> ASSIGNED TASK:
When a picture appears in the listing, leave it out and copy the rest exactly as it stands.

DATA SECTION START

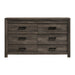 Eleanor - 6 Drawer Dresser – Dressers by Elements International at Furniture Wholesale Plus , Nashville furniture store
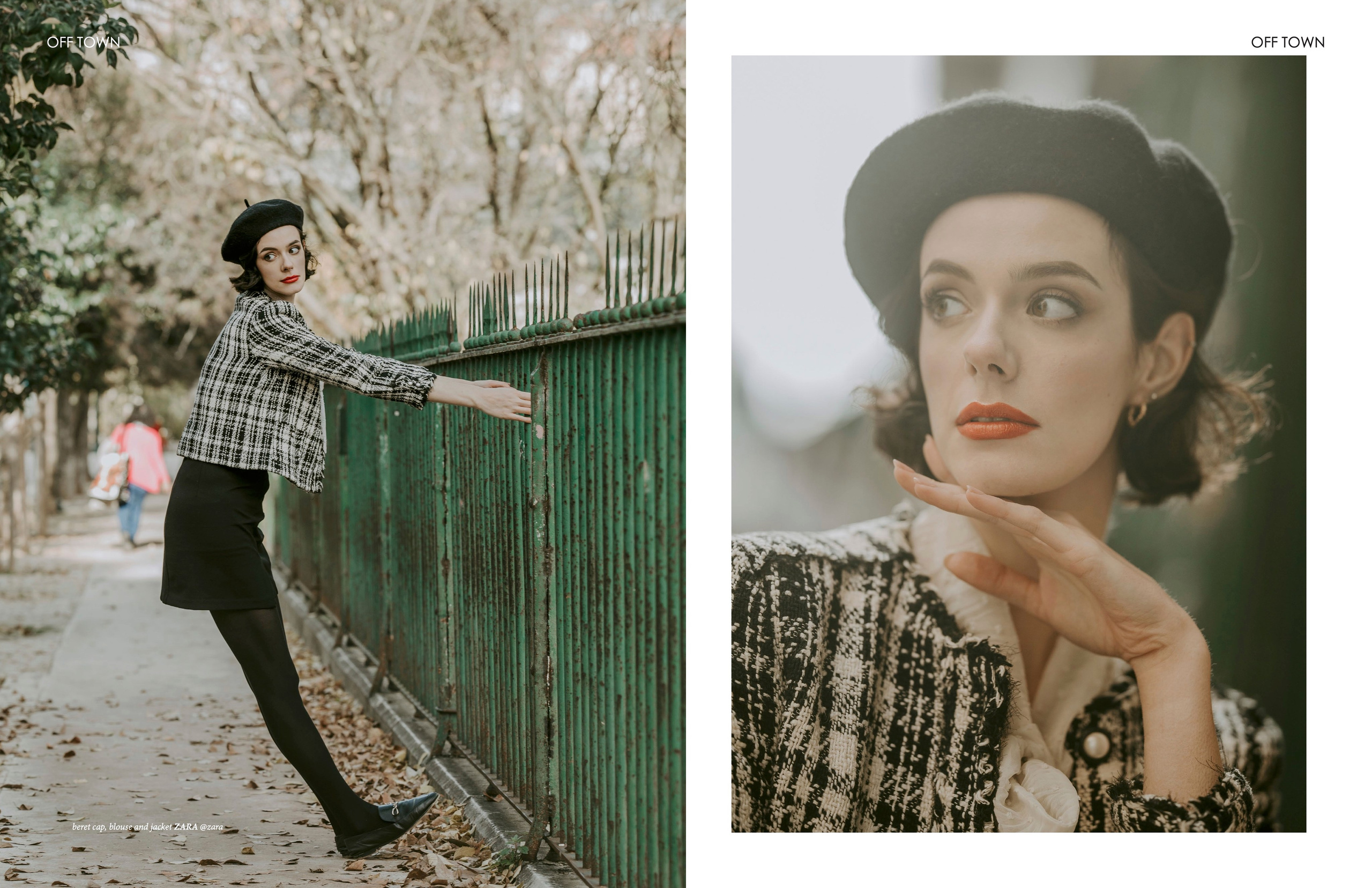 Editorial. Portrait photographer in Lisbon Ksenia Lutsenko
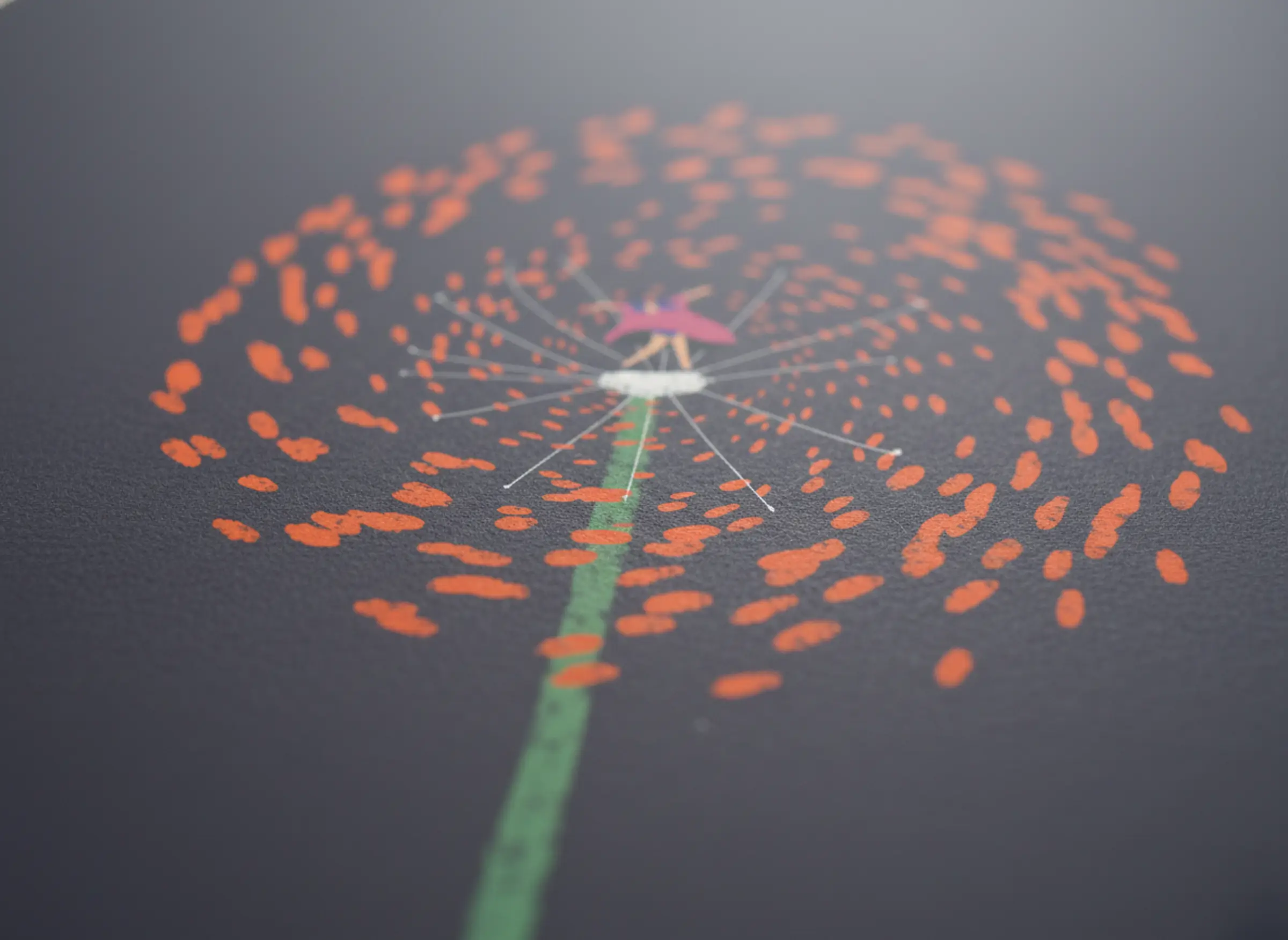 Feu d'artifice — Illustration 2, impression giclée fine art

DATA SECTION END

> WRITTEN RESPONSE:
 Eleanor - 6 Drawer Dresser – Dressers by Elements International at Furniture Wholesale Plus , Nashville furniture store
 Editorial. Portrait photographer in Lisbon Ksenia Lutsenko
 Feu d'artifice — Illustration 2, impression giclée fine art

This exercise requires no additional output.